An alumnus of Assumption College, Changanassery, Jaisha competes in the middle and the long distance events, including 1500 metres, 3000 metres, 3000 metres steeplechase, and 5000 metres. She won gold over 1500 metres and 3000 metres at the 1st Asian Indoor Games held at Bangkok in 2005. She was, however, unable to repeat her performance at the 2006 Asian Indoor Championships, held at Pattaya, as she won only a silver in the 1500 metres and a bronze in the 3000 metres. She represented India at the 2006 Commonwealth Games held in Melbourne, Australia. Jaisha is also a bronze medalist in 5000 metres at the Doha Asiad. Jaisha took up steeplechase only in 2008 when she clinched the National title at Madurai Inter-State championships. However, she broke the Indian national record in 3000 metres steeplechase with a time of 10:03.05 at the 50th National Inter-State Athletics Championships held in Patiala on 7th August 2010. She erased the previous mark of 10:09.56 set by Sudha Singh on 18th May 2010 in Kochi. At the 2014 Asian Games held in Incheon, South Korea, Jaisha won the 1500 metres bronze with a time of 4:13.46. The following year in 2015, she made her marathon debut at the Mumbai Marathon and clinched first place in the Indian women's category (eighth overall), breaking a 19-year-old record in the process. At the National Games, held early February in the year 2015 in Jaisha's home state of Kerala, the marathon runner easily beat out the rest of her competition and won the gold medal in the 5000 metres event. In August 2015, Jaisha participated in the marathon at the World Championships in Beijing, where she finished 18th, one place ahead of compatriot Sudha Singh, among the 52 athletes who completed the race. Both Jaisha and Singh improved upon the former's national record time set earlier in the year at the Mumbai Marathon, and both also qualified for the 2016 Olympics by virtue of their showing.
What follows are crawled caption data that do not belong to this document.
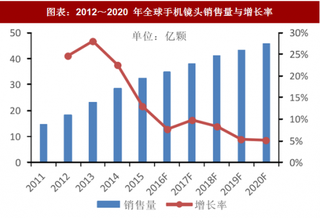 2018年中国手机镜头行业销售量及市场份额占比分析 （图）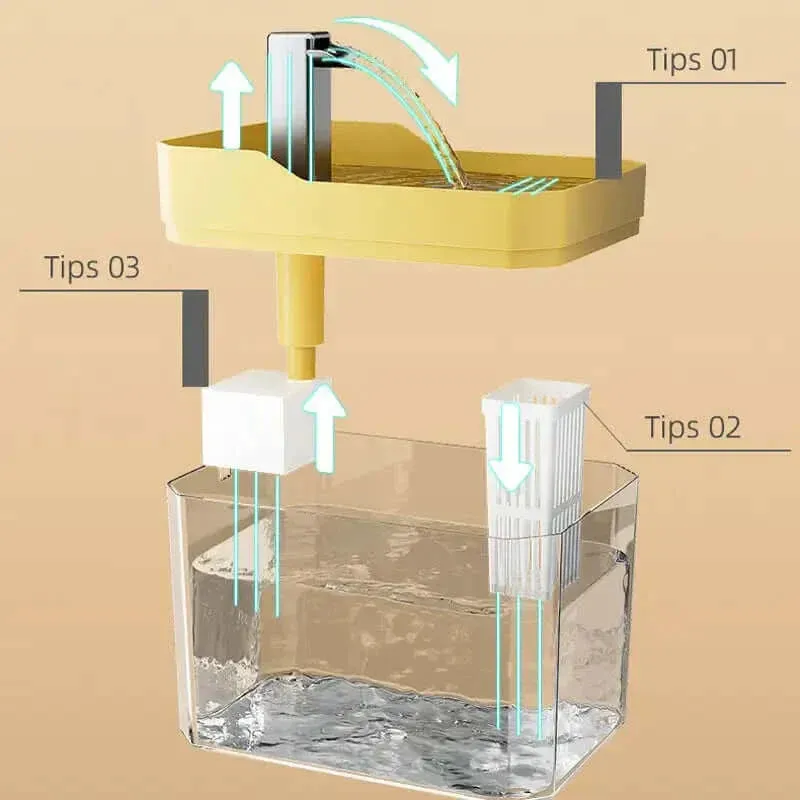 Automatic Cat Water Fountain – Quiet Filtered Drinking Bowl for Pets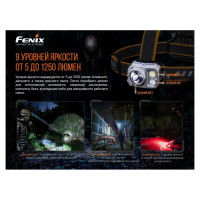 Фонарь Fenix HP16R hp16r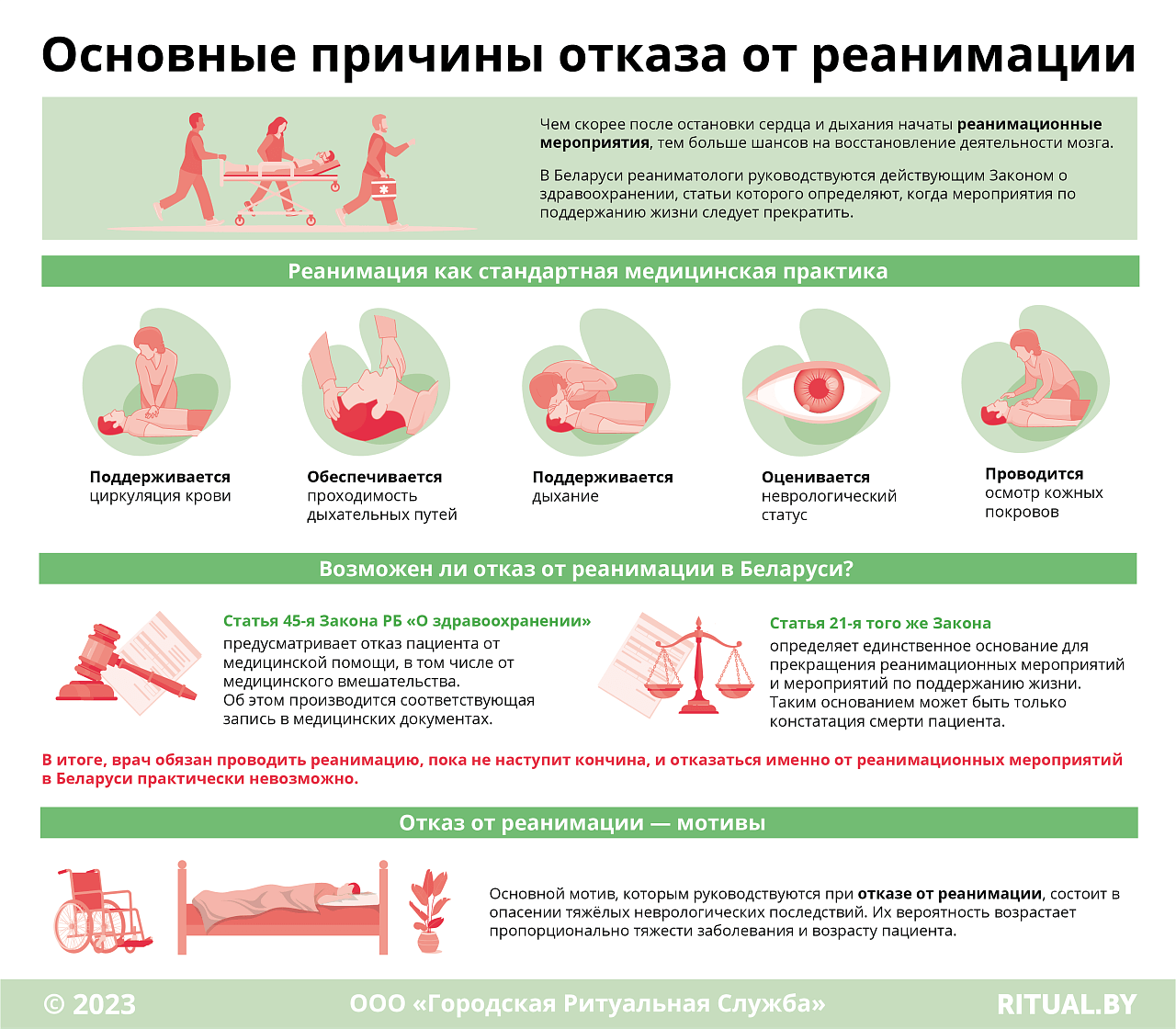 Основные причины отказа от реанимации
Jaisha was born on 23rd May 1983 in Kerela, India. She grew up in the town of Kalapetta in the tribal region in north Kerala’s Wayanad district. Jaisha’s childhood experiences are heart rending. 5 Year old Jaisha saw her father bed-ridden due to an accident, her mother slipped into depression, leaving Jaisha and her three sisters into an emotional turmoil and poverty. Jaisha in her interviews recount how as a teenager she even had to eat mud because she couldn’t starve anymore. But her mother never allowed her and the sisters to do menial work. With no prior coaching, O.P Jaisha completed with a 100 meter lead. The victory at the local race opened her the window to dream of a better life. Despite her difficulties, she was quick to pursue it and with constant practice. Her daily routine of traversing through the high altitude terrain worked to her favour. The only source of income for her family was the two cows they purchased after mortgaging the house. Jaisha would feel luck to find food when she returns from school. Life was becoming harder and harder for the teenager but she never gave up on running which gave her the first victory. The local coach in the town knew Jaisha had the potential. With the certicate and coach’s confidence on Jaisha gave her admission to a college. Jaisha was lucky to find support from Unnikrishnan, the coach in her college. He bought her first pair for running shoes. Then started Jaisha’s formal training and there was no looking back.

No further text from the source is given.